The remainder of this paper is organized as follows. The proposed greedy algorithm and its motivation are provided in Section ‘The proposed algorithm’. Section ‘Experimental results’ provides experimental results on small- and medium-sized benchmark networks, as well as six real-world networks, and a comparison to the greedy MIS-based algorithm of [12] is conducted. Conclusions are then presented in Section ‘Conclusion’.
The proposed algorithm
In this section, we propose a greedy algorithm for the CNDP. Greedy algorithms are typically less computationally intensive than other strategies such as dynamic programming but usually sacrifice solution quality to attain this speed. One exception occurs in the case of maximizing a submodular function, where it was shown in [31] that unless \(\mathcal {P}=\mathcal {NP}\), a greedy algorithm will yield the optimal approximation. It is easy to verify that the CNDP is not a submodular function. However, the greedy approach is still an appealing framework in the CNDP context, especially for very large networks.
We first describe a linear-time algorithm to evaluate the impact of removing each v∈V and then use this within a greedy algorithm for determining a solution to Equation 1. The speed of the greedy algorithm is further enhanced by a priority-queue-based implementation that yields significant practical performance increases over a naive implementation. Our algorithm has a running-time complexity of \(\mathcal {O}(k(n+m))\) and is similar to the \(\mathcal {O}\left (kn^{2}\right)\) approach used for the maximum cascading algorithm in [3]. Both algorithms are based on Tarjan [32].

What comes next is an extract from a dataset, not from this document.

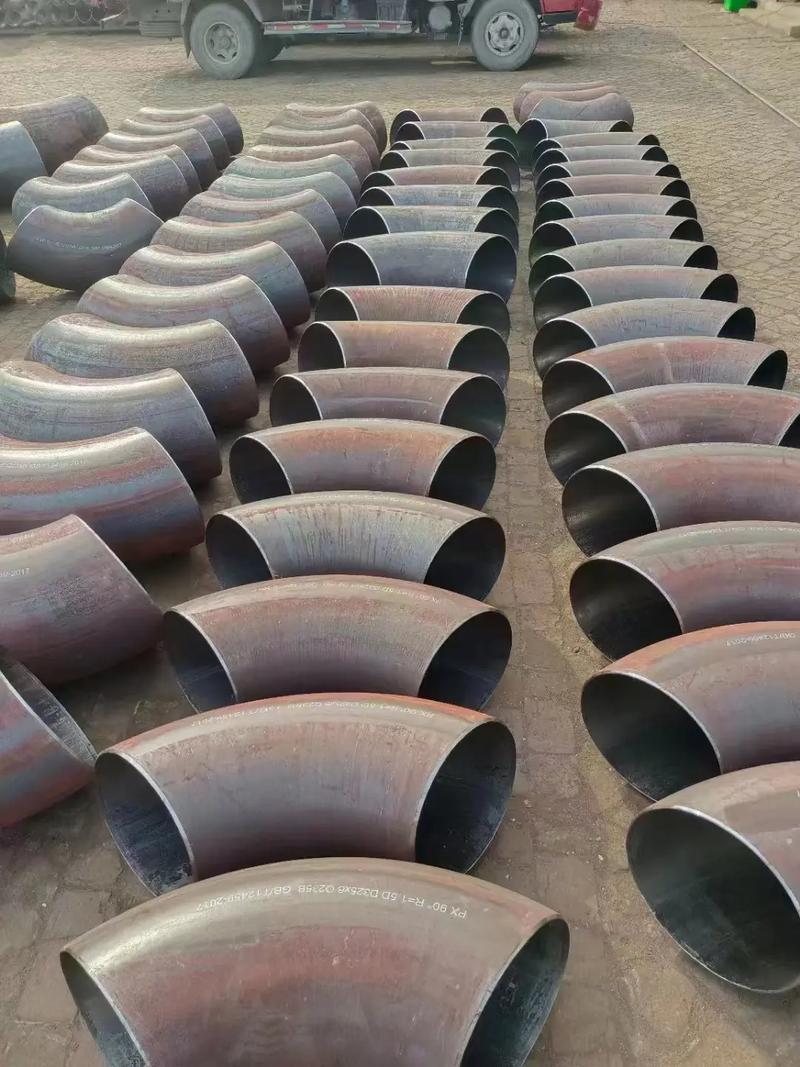 鄭州高壓彎頭廠家批發(fā) 節(jié)約空間與法蘭應用的完美結(jié)合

For large networks with many thousands or millions of vertices (and edges), a computationally efficient approach to minimizing the CNDP objective is required. Selecting a critical subset R⊂V from a single observation of the network may be easily deceived due to the influence of cut vertices, as indicated in Lemma 1 [12]. That is, selecting R in a sequential fashion may better allow for the discovery of a set that is more likely to fragment the network by detecting cut vertices that are not obvious unless a sequential approach is taken.
Lemma1.
Let M1 and M2 be two sets of partitions obtained by deleting D1 and D2 sets of vertices from graph G=(V,E), where |D1|=|D2|=k. Let L1 and L2 be the number of components in M1 and M2 respectively and L1≥L2. If \(\mathcal {C}_{h}=\mathcal {C}_{\ell }, \quad \forall h, \ell \in M_{1}\), then we obtain a better objective function value by deleting the set D1 (where \(\mathcal {C}_{h}\) is the number of vertices in connected component h).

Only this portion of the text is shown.